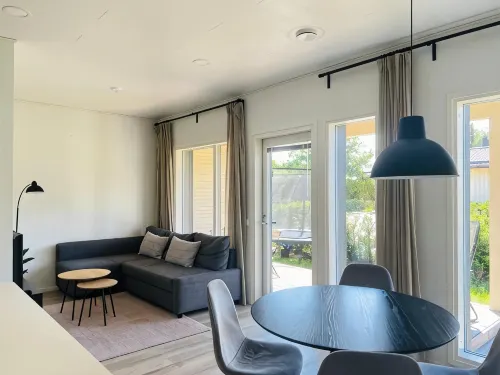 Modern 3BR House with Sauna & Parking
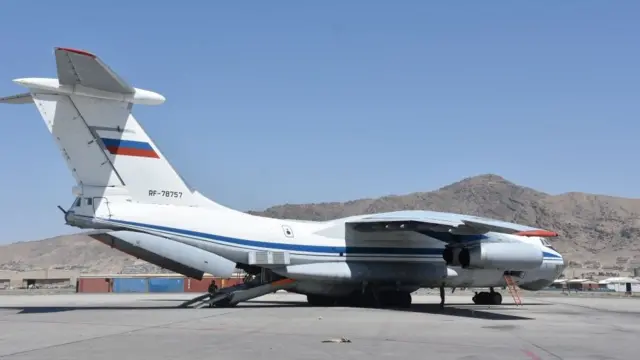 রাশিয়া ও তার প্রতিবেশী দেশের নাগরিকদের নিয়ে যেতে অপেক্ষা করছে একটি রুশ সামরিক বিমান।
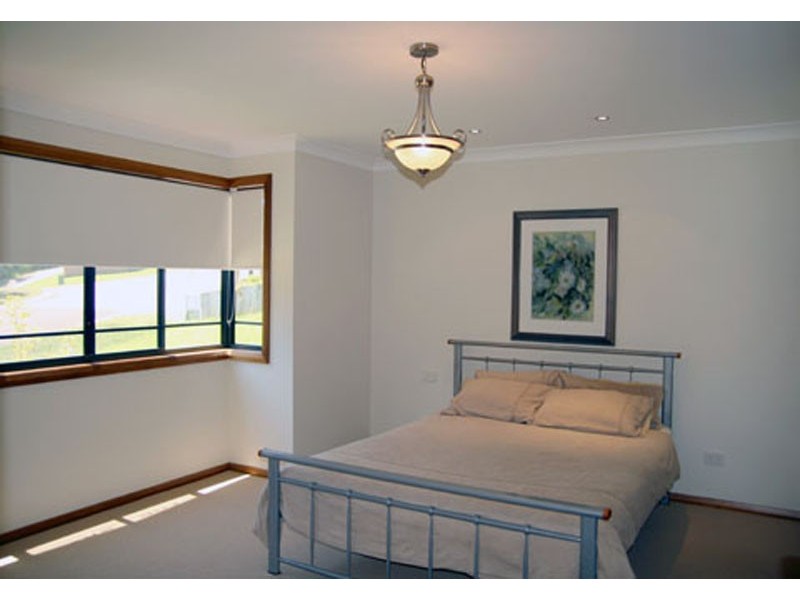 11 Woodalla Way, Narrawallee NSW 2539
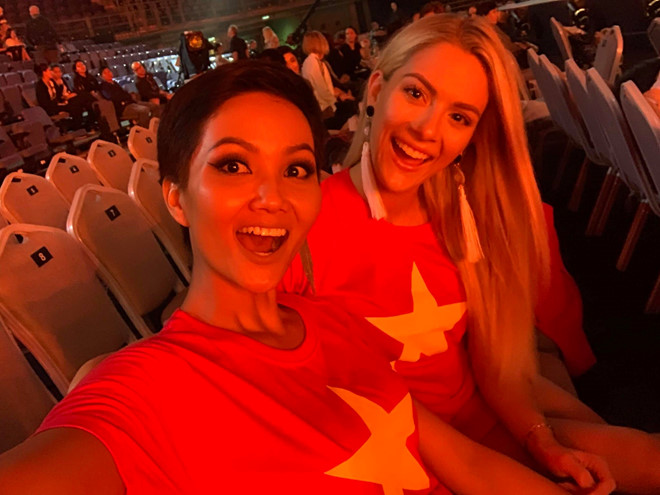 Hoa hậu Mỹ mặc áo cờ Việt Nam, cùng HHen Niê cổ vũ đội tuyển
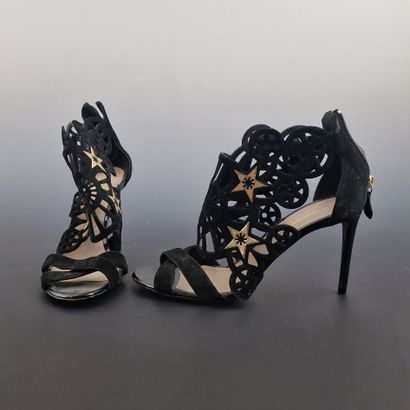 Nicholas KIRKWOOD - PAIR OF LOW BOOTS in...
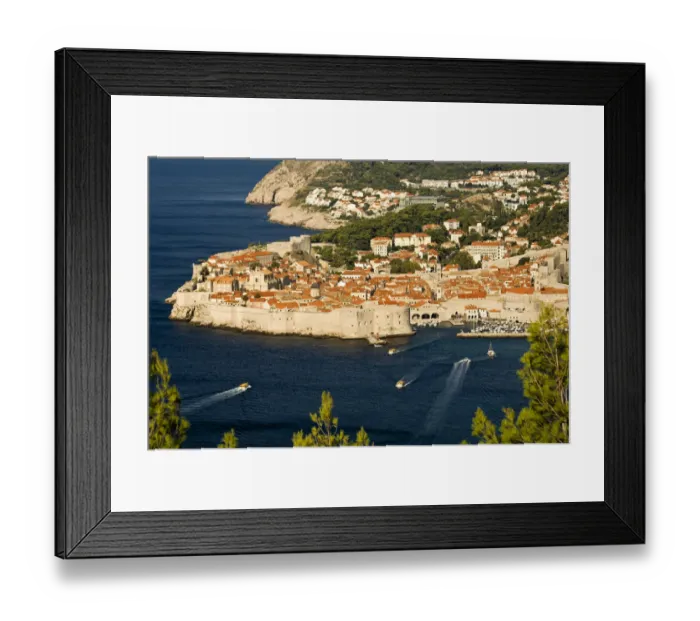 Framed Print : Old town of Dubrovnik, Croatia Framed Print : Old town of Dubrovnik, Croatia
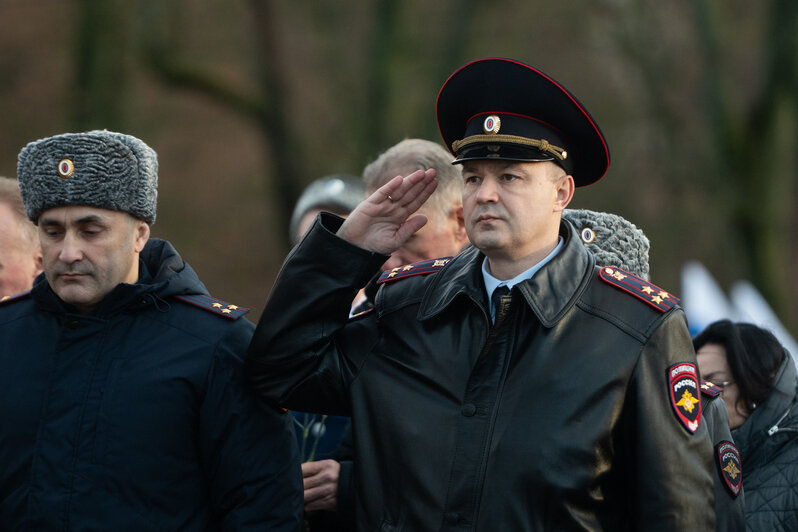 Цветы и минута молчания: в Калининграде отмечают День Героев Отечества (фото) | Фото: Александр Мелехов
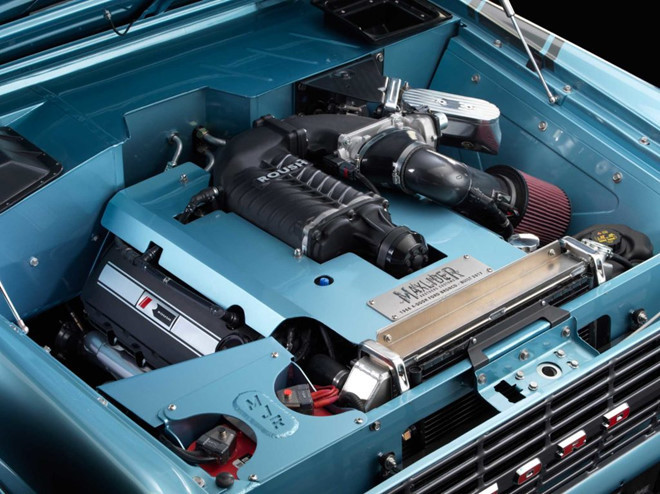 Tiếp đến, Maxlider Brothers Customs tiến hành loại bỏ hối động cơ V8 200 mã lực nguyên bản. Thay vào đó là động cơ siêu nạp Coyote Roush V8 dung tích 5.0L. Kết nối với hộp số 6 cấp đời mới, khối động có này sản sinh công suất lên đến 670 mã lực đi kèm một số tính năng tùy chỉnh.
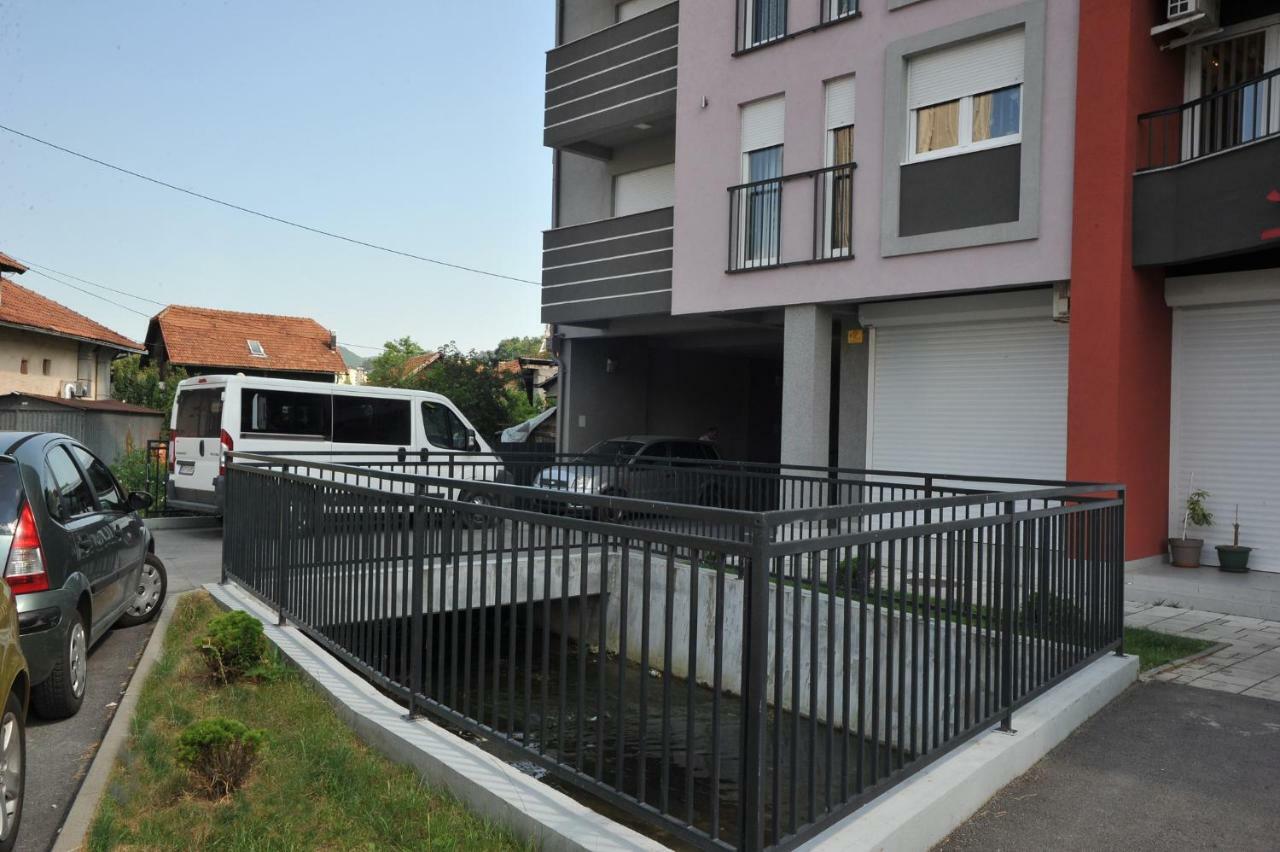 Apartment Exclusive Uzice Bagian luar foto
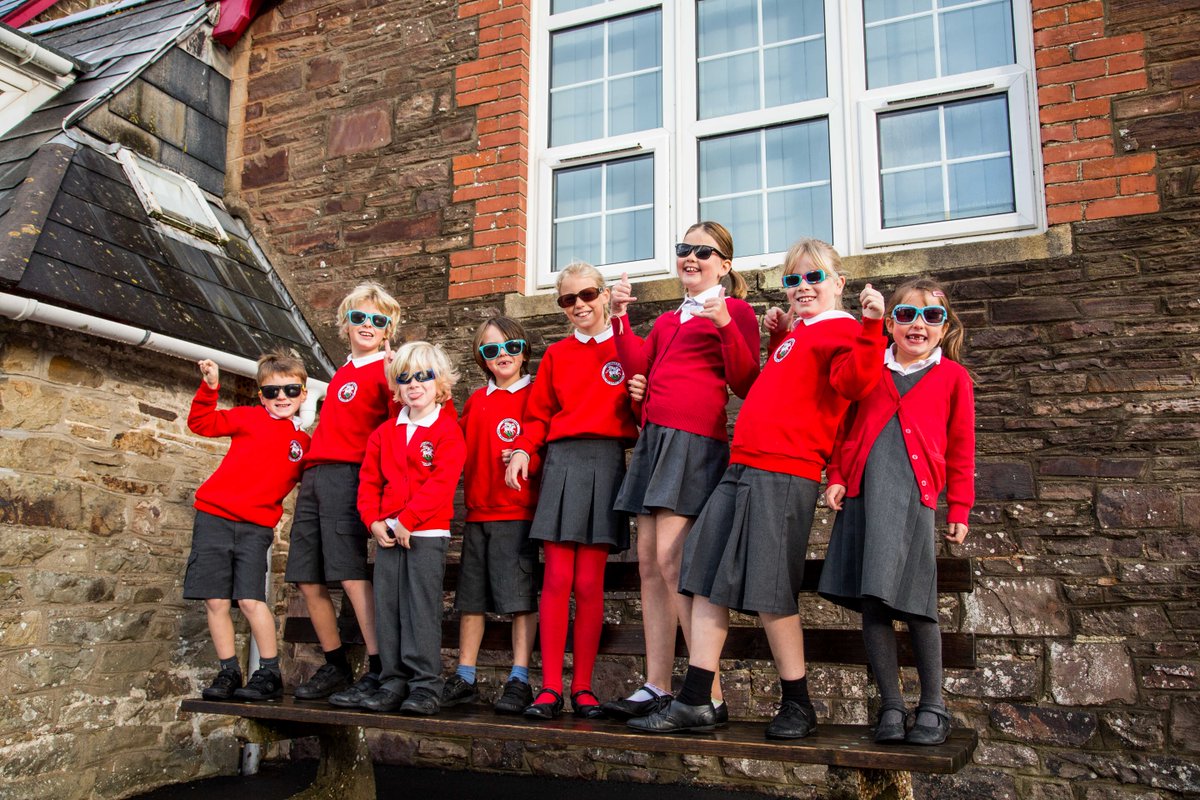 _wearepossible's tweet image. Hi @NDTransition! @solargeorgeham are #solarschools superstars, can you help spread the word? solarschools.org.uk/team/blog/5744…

What you will do: Only the lines above from the one containing "Hoa hậu Mỹ mặc" through the one containing "Apartment Exclusive Uzice Bagian luar foto" should be returned, verbatim and inclusive, with pictures excluded.

Result for this exercise:
 Hoa hậu Mỹ mặc áo cờ Việt Nam, cùng HHen Niê cổ vũ đội tuyển
 Nicholas KIRKWOOD - PAIR OF LOW BOOTS in...
 Framed Print : Old town of Dubrovnik, Croatia Framed Print : Old town of Dubrovnik, Croatia
 Цветы и минута молчания: в Калининграде отмечают День Героев Отечества (фото) | Фото: Александр Мелехов
 Tiếp đến, Maxlider Brothers Customs tiến hành loại bỏ hối động cơ V8 200 mã lực nguyên bản. Thay vào đó là động cơ siêu nạp Coyote Roush V8 dung tích 5.0L. Kết nối với hộp số 6 cấp đời mới, khối động có này sản sinh công suất lên đến 670 mã lực đi kèm một số tính năng tùy chỉnh.
 Apartment Exclusive Uzice Bagian luar foto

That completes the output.